For training the acoustic models and testing the speech recognition system, we used our own corpora of continuous Russian speech recorded at SPIIRAS. The total duration of the entire speech data is more than 30 h. The corpus is described in detail in [18].

We used hybrid DNN/HMMs acoustic models based on time-delay neural network with 5 hidden layers and time context [−8, 8]. Acoustic models were trained using the open-source Kaldi toolkit [19]. Mel-frequency cepstral coefficients (MFCCs) were used as input to the NNs. For speaker adaptation, 100-dimensional i-Vector [20] was appended to the 40-dimensional MFCC input. Detail description of our acoustic models is presented in [12]. We have obtained WER equal to 17.62% with our baseline 3-gram model, and WER equal to 15.13 was obtained after rescoring 500-best list with the help of RNN LM with one hidden layer interpolated with the 3-gram model.

LSTM-based LM was applied for rescoring of 500-best list of hypotheses and for selection of the best recognition hypothesis for the pronounced phrase. Interpolated LMs were used for rescoring as well. Obtained speech recognition results are presented in Table 2.

Table 2. WER after 500-best list rescoring (%)

As one can see from the table, application of LSTM-based LMs allows to improve speech recognition results. Additional improvement was achieved with interpolated LSTM-based LM with baseline LM. The lowest WER (14.06%) was obtained using NN with projection layer size equal to 500 and hidden layer size equal to 512 interpolated with the baseline model with interpolation coefficient equal to 0.7, though this model was not the best in terms of perplexity. This may be connected with the fact that we used different texts material for estimation of perplexity and for speech corpora recordings.

Then we experimented with optimization method for NN training. We tried Nesterov Momentum [21], AdaGrad [22], and Adam [23] optimization methods, and compared them with SGD method in terms of perplexity and WER of the created models. We trained models with 512 units in the hidden layer and 512 units in the projection layer because LSTM with these parameters gave us the best results in terms of WER in our previous experiments with models with SGD optimization method. Initial learning rates were chosen according to recommendations of TheanoLM toolkit. Results of experiments on comparing optimization methods in term of perplexity and WER are presented in Tables 3 and 4 respectively.
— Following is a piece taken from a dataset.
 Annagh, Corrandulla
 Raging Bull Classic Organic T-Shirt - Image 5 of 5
Table 3. Results of experiments with LMs trained using different optimization methods in terms of perplexity
Table 4. Results of experiments with LMs trained using different optimization methods in terms of WER (%)

Only Nesterov Momentum method slightly outperform SGD in terms of both perplexity and WER of the obtained models. Thus, the best results (perplexity equals 289; WER equals 14.01) were obtained after interpolation of LSTM LM trained using Nesterov Momentum optimization method interpolated with the baseline LM with interpolation coefficient equal to 0.7.
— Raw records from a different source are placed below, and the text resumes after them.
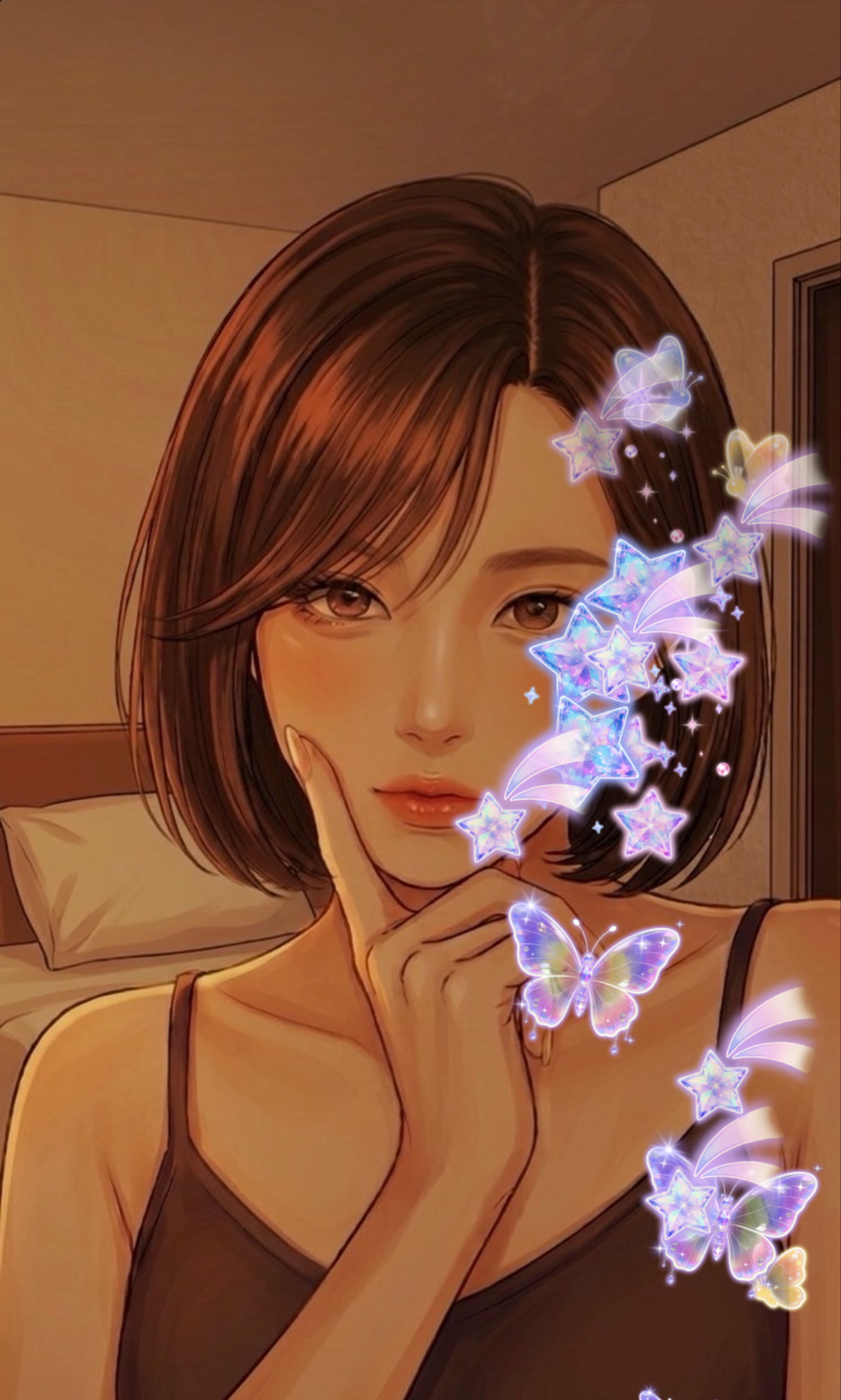 おやすみ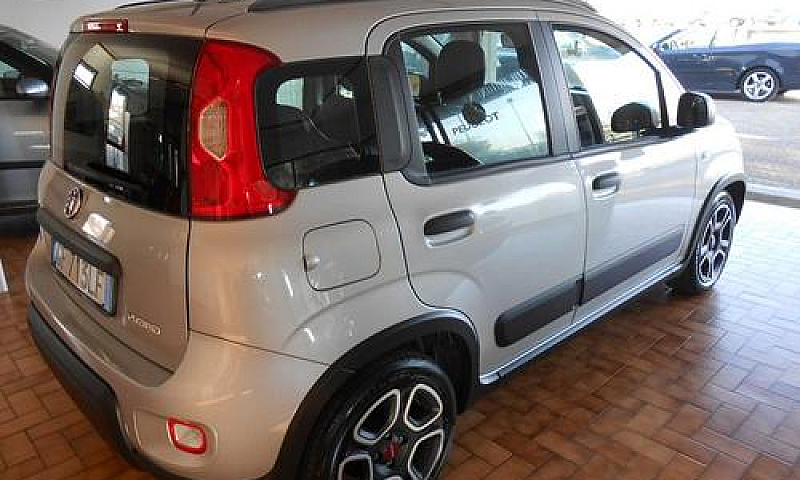 Fiat Panda 1.0 Firef...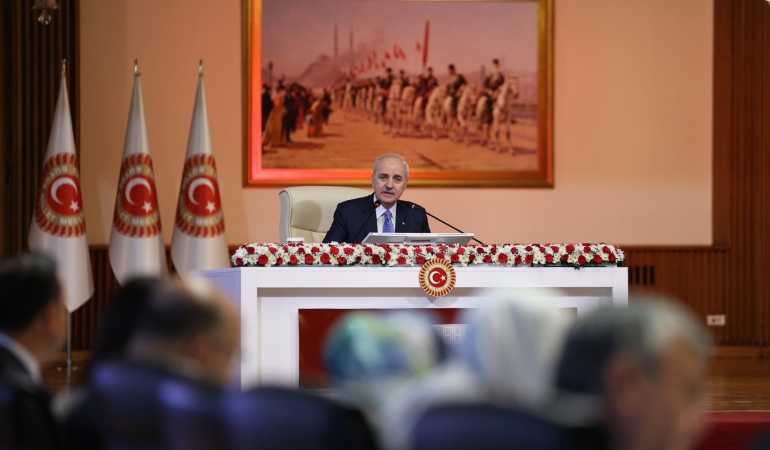 Süreç Komisyonu haftada iki kez toplanacak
Then we trained NNs with 2 and 3 LSTM layers using the parameters of the best 1-layer LSTM. In these NNs we applied dropout at rate 0.3 between LSTM layers. Obtained results are presented in Table 4.

Thus, the best result was obtained using NN LM with 2 LSTM layers interpolated with the baseline LM with interpolation coefficient of 0.8, in this case WER equaled 13.80%. Further increasing the number of the hidden layers led to increasing WER that may be caused by overtraining (Table 5).

Table 5. Results of experiments with LMs with different number of LSTM layers

5 Conclusions and Future Work

In the paper, we have investigated LSTM-based LMs for Russian speech recognition task. We have tried NNs with different hidden layer sized, projection layer sizes, optimization methods, and number of hidden layers. LSTM-based LMs were applied for N-best list rescoring. The lowest WER was achieved with the NN with 2 hidden layers, 512 units in hidden layer and projection layer of 500 trained with Nesterov Momentum optimization method. We have achieved 22% relative reduction of WER using LSTM LM with respect to the baseline 3-gram model. In further research, we are going to investigate other topologies of RNNs for language modeling.